Duas mudanças localizadas – no Centro e no Quarto Distritos – foram feitas pela atual gestão, de Sebastião Melo, com o objetivo estimular o adensamento urbano. O plano diretor foi arrombado, para permitir maiores índices construtivos nessas áreas, mais bem providas de serviços urbanos.
O projeto, anunciado pelo prefeito, é (era) simplesmente dobrar a população do Centro Histórico e do Quarto Distrito, as duas áreas mais inundadas na atual enchente.
Situação análoga ocorreu no Estado.
Em 1961, o governo do Estado tinha um Gabinete de Assessoria e Planejamento, o famoso GAP onde uma equipe multidisciplinar articulada com as universidades coordenava um projeto de desenvolvimento regional. Nem mesmo os governadores nomeados pelo regime militar ousaram extinguir as estruturas de planejamento do governo estadual.
Na redemocratização, uma das primeiras providências do governo Pedro Simon (1987/90) foi criar, por inspiração de Siegfried Heuser, a Fundação de Economia e Estatística, cujo objetivo era produzir as informações necessárias ao planejamento, sem a influência governo.
Tudo isso foi dizimado.
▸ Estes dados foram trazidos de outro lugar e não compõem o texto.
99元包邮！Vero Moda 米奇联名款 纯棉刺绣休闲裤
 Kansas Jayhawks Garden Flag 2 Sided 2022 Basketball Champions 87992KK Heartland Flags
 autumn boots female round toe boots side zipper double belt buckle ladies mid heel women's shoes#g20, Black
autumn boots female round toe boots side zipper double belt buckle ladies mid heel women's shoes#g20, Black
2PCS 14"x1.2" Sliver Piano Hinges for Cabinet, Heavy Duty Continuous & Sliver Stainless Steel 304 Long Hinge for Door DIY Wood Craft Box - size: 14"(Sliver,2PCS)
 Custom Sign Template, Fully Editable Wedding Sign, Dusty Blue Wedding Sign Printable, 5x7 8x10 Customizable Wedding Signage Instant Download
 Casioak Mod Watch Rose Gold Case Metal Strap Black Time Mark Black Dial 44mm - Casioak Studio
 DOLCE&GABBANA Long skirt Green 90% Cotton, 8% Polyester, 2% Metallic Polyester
Em 2020, a FEE foi extinta, assim como outras nove fundações públicas ligadas à pesquisa no Estado, como a Cientec, a Fepagro, a Zoobotânica, que tinham convênios inclusive com universidades estrangeiras.
No ano passado, quando decidiu dar forma ao que seria a grande obra da atual gestão, o governo estadual contratou, com pompa e circunstância, o BNDES para “modelar” o projeto de revitalização do Cais Mauá, o antigo porto da capita gaúcha.
Uma área de 81 hectares à margem do Guaíba seria concedida para um grande projeto imobiliário. Para tornar mais atraente o negócio para o investidor privado, permitiu-se a construção de 9 torres de 30 andares na beira do Guaiba. O governo estadual e a prefeitura cogitaram até retirar o muro que, agora, apesar do mau estado, impediu o pior em Porto Alegre.
O Cais Mauá, que se estende por três quilômetros à margem do Guaíba, foi uma das áreas mais atingidas pela grande enchente que inundou Porto Alegre.